* _Task directions_
Look below for the line with "Route 66 Centennial". Retype it and every line after it to the end, exactly, but leave out the pictures.

Top of Data supplied

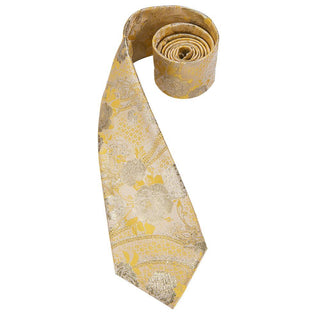 New Silver Light Yellow Floral Silk Necktie Pocket Square Cufflinks Set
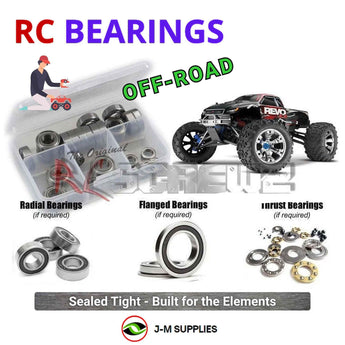 Representative image of an RCScrewZ rubber-sealed bearing kit for Traxxas Revo 3.3 1/10 Nitro 4WD MT (53097, 53097-3); exact bearing sizes and quantities vary by RC model.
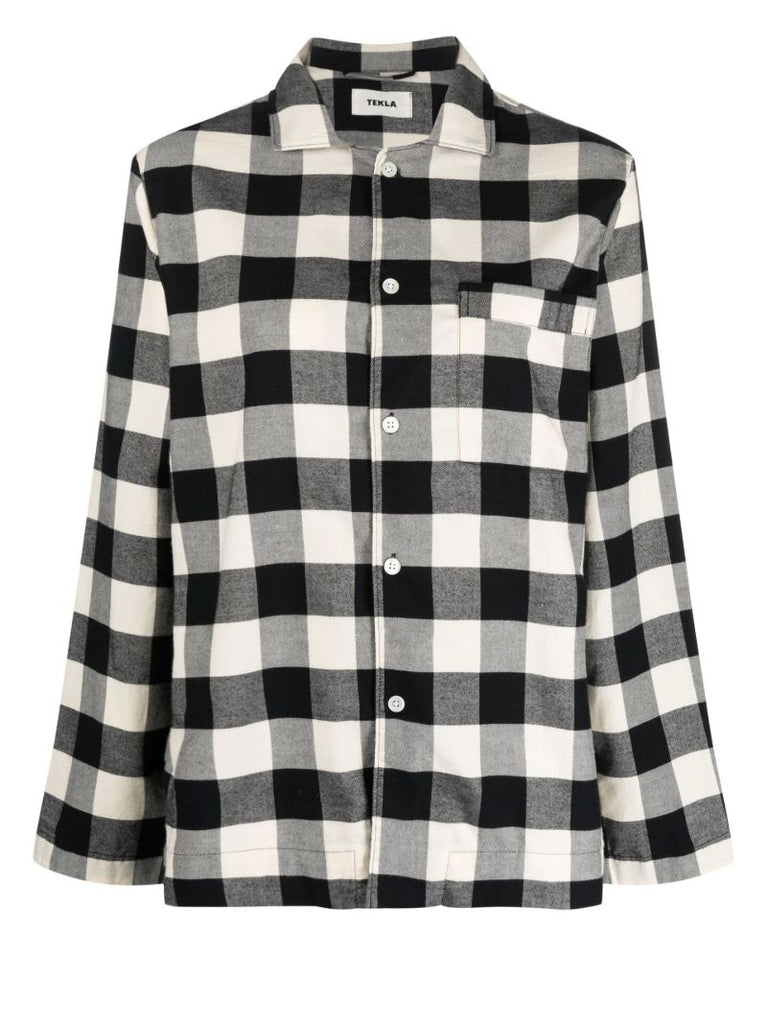 Black Gingham Print Organic Cotton Pyjama Shirt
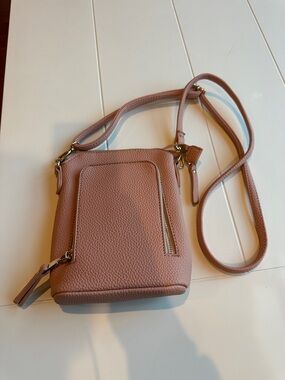 Small Blush Pink Pebbled Crossbody Bag - Womens Shoulder Purse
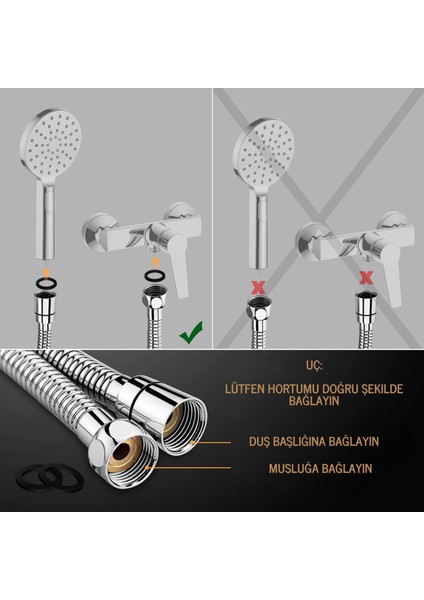 Paslanmaz Kopmaz Patlamaz Kaliteli Çelik Duş Hortumu Tüm Duş Setleri ile Uyumlu
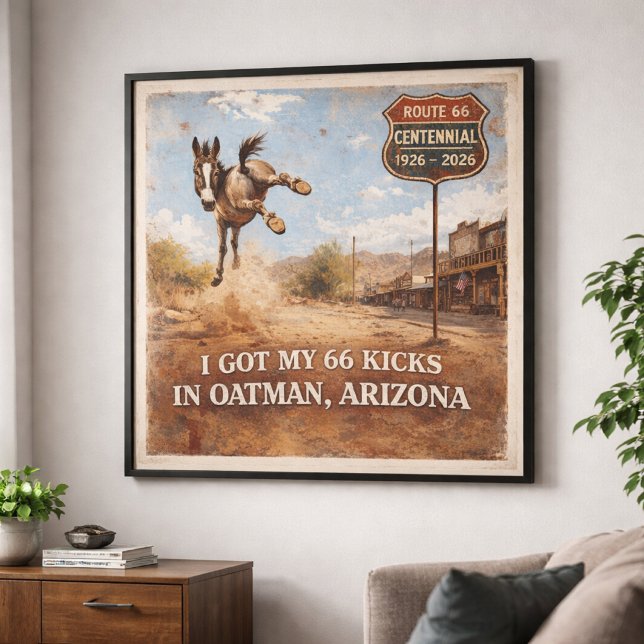 Route 66 Centennial Oatman Åsna Resa Konst Poster (Skapare uppladdad)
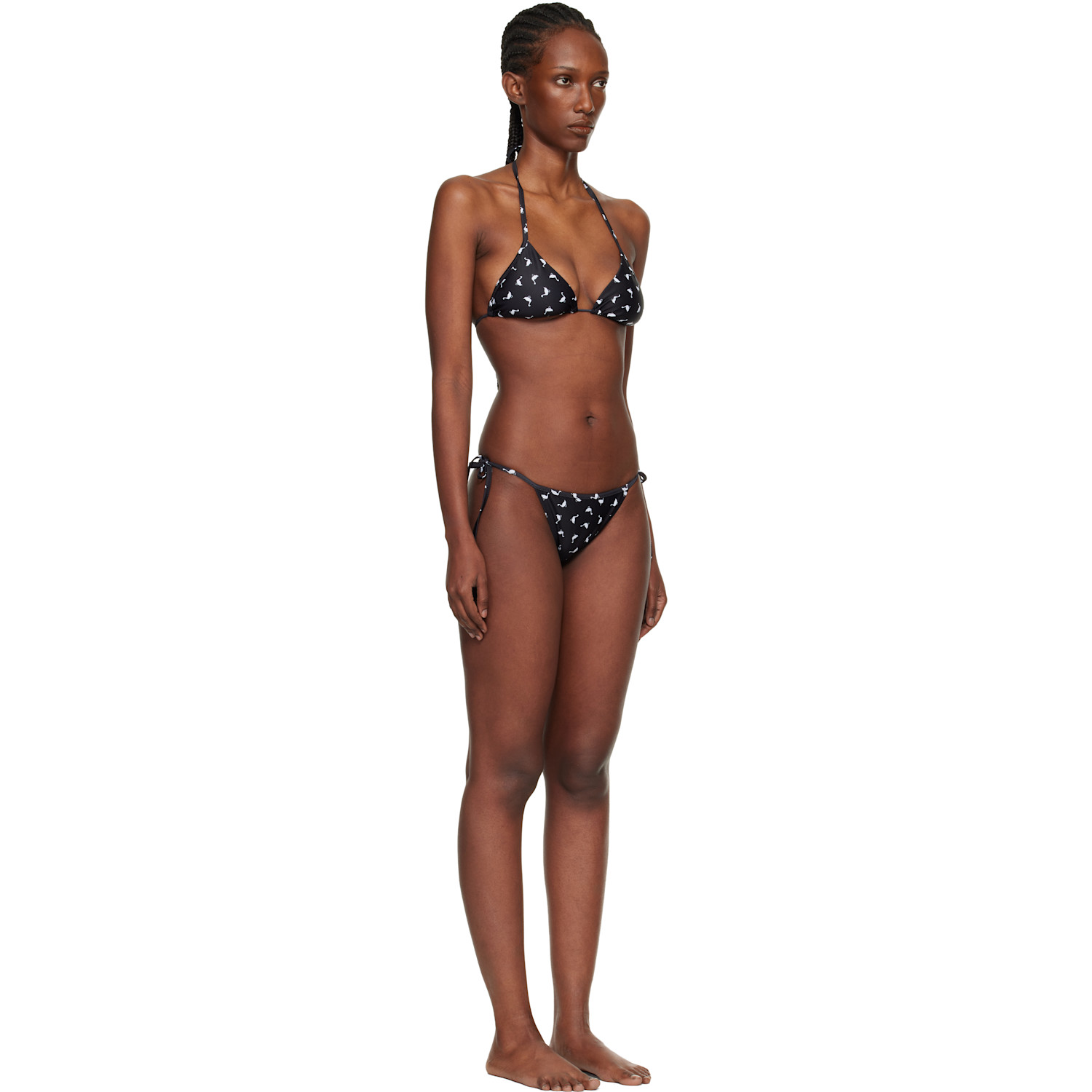  Moschino Black All Over Small Goose Print Bikini 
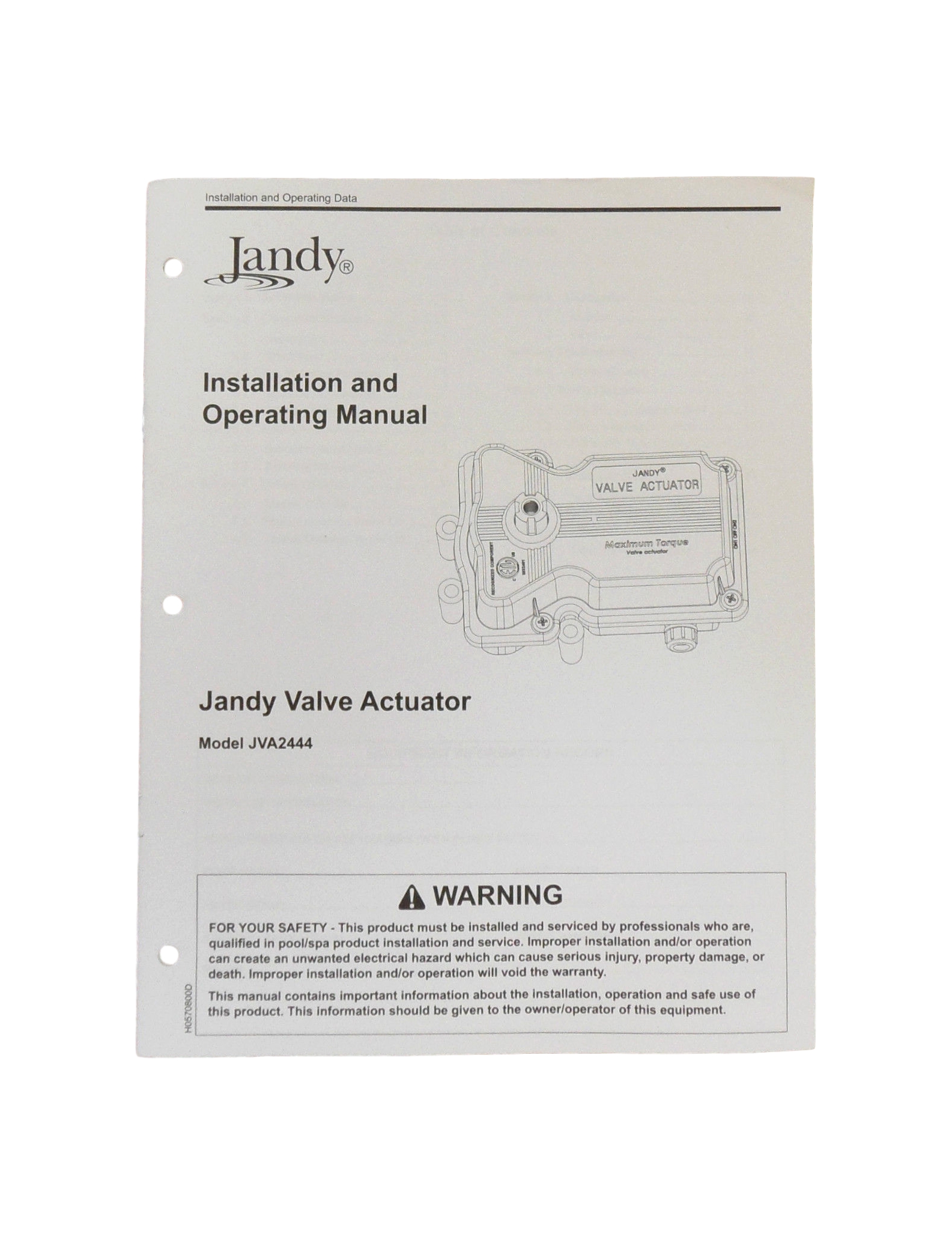 Jandy Jva244 Valve Actuator Installation Owner S Manual Jva 2444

Bottom of Data supplied

* _Finished exercise_
 Route 66 Centennial Oatman Åsna Resa Konst Poster (Skapare uppladdad)
  Moschino Black All Over Small Goose Print Bikini 
 Jandy Jva244 Valve Actuator Installation Owner S Manual Jva 2444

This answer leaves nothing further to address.